Esquire Theme by Matthew Buchanan
Social icons by Tim van Damme

28

Nov

Five Deep

While I hesitate to make season-long inferences on the basis of single games, it doesn’t take long for me to feel comfortable making wild generalizations.  After five tough road games, the Wildcats have revealed themselves to be strong competitors with a very high collective upside.  Five bits for thought (likely so obvious that they should be characterized as leftovers at this point):     

1. Our freshmen are terrific.  Brooks, Downing, and Droney have shown tremendous promise and poise early in the season.  Each has the ability to do something that the vast majority of players in the Southern Conference cannot: create his own shot.  Brooks and Downing have that gunner mentality that our offense needs in moments of perimeter lollygagging.  All three have provided significant boosts within the first 200 minutes of their college careers and will no doubt figure prominently in the team’s success going forward.    
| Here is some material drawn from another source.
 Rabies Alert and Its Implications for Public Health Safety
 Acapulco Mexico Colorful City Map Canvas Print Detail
2. We’ve been aggressive on the glass. After getting beat on the boards by an undersized group of Quakers, the ‘Cats appear to have made a conscious effort to get after it on the glass.  Against West Virginia, Nebraska, Western Kentucky, and Rhode Island, Davidson (sans not-so-gentle Ben) grabbed 148 rebounds to our opponents’ 146.  Those numbers don’t do much for me in and of themselves, but they reflect to some degree the effort that I’ve seen so far.  The good guys are hustling.  FBE has, expectedly, been strong (though his hunger for the blocked shot creates room for the offensive rebound), Bootz has been good going up for the bounce, and Mann has been smart with the box.  I’ve been especially pleased with Droney’s nose for the ball.   
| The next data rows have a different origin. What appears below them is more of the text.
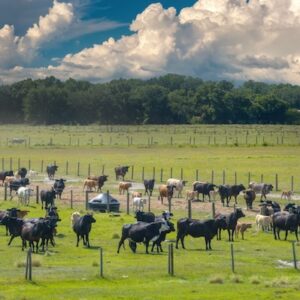 Untitled design - 4 Cows in the Pasture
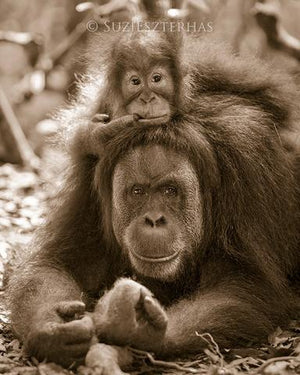 Baby Orangutan on Mom's Head Photo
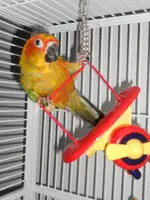 DSCN0197.webp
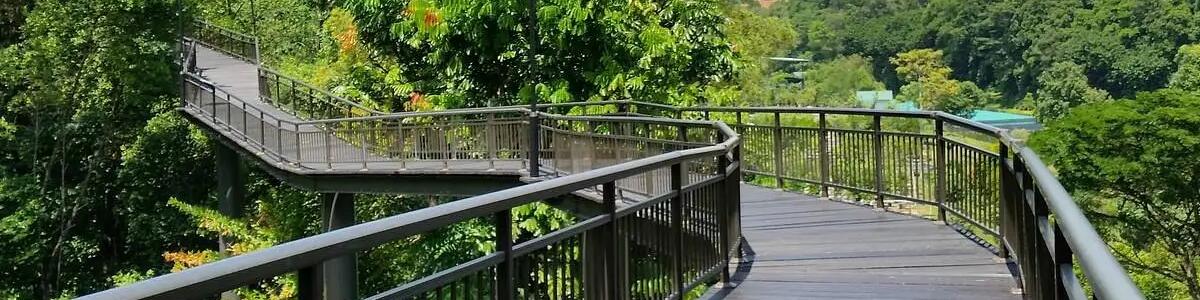 Best Nature Parks in Singapore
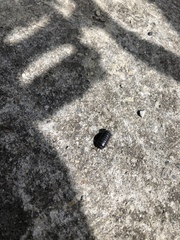 Armadillidium vulgare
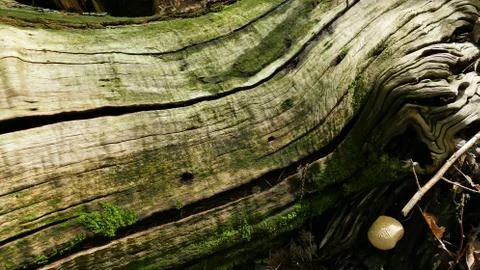 Remains of an old tree in the forest Stock Photos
3. We generally lack offensive leadership.  I love this team’s equal opportunity offense—on any given night, any of a handful of guys can lead the charge—but I long for a dedicated distributor … a full-time quarterback.  I don’t think I’m just longing for the sort of floor command that Jason Richards brought in his last two years.  It seems too much to expect Brendan or JP to call the shots and then make them.  I like Droney and Cochran working for this spot, but I don’t get to watch the guys practice, nor do I know that much about basketball.   

4. We need more movement within twenty feet of the basket.  Too often we seem too timid to make a good entry pass or to take the ball to the hole (cf. Kuhlman and Brooks; see also Cohen’s streak to the basket against WKU).  In part, I suspect that this derives from the newness of the system to the vast majority of our minutes consumers. It’ll come, but I think it must if we are to have a consistent year.      
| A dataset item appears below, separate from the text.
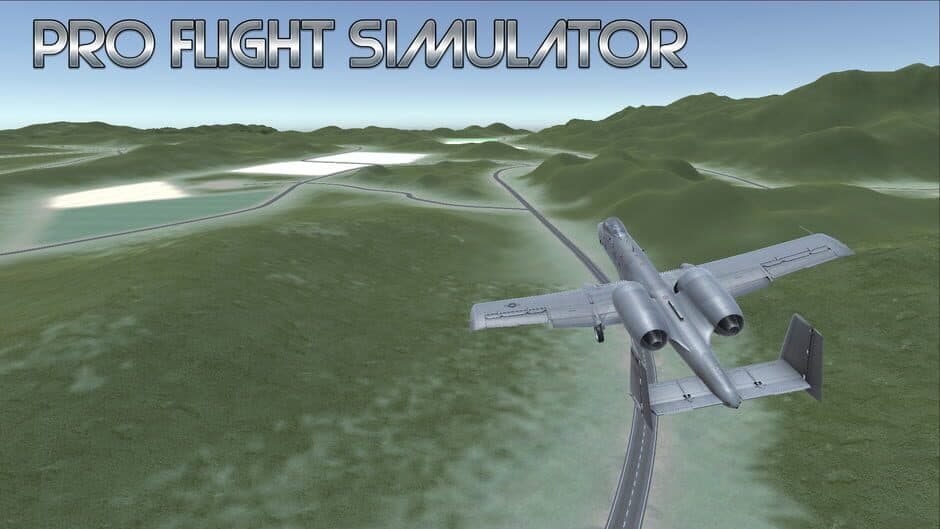 Pro Flight Simulator artwork 1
5. Until we develop our inside-out game, we will live and die by the longball.  This isn’t as much of a freestanding point as it is a corollary of #4.  If we settle for around the horn basketball, we’re going to have some hot nights and some cold ones, and we’re going to create a lot of long, easy rebounds and transition opportunities for our opponents.  

It’s the most wonderful time of the year.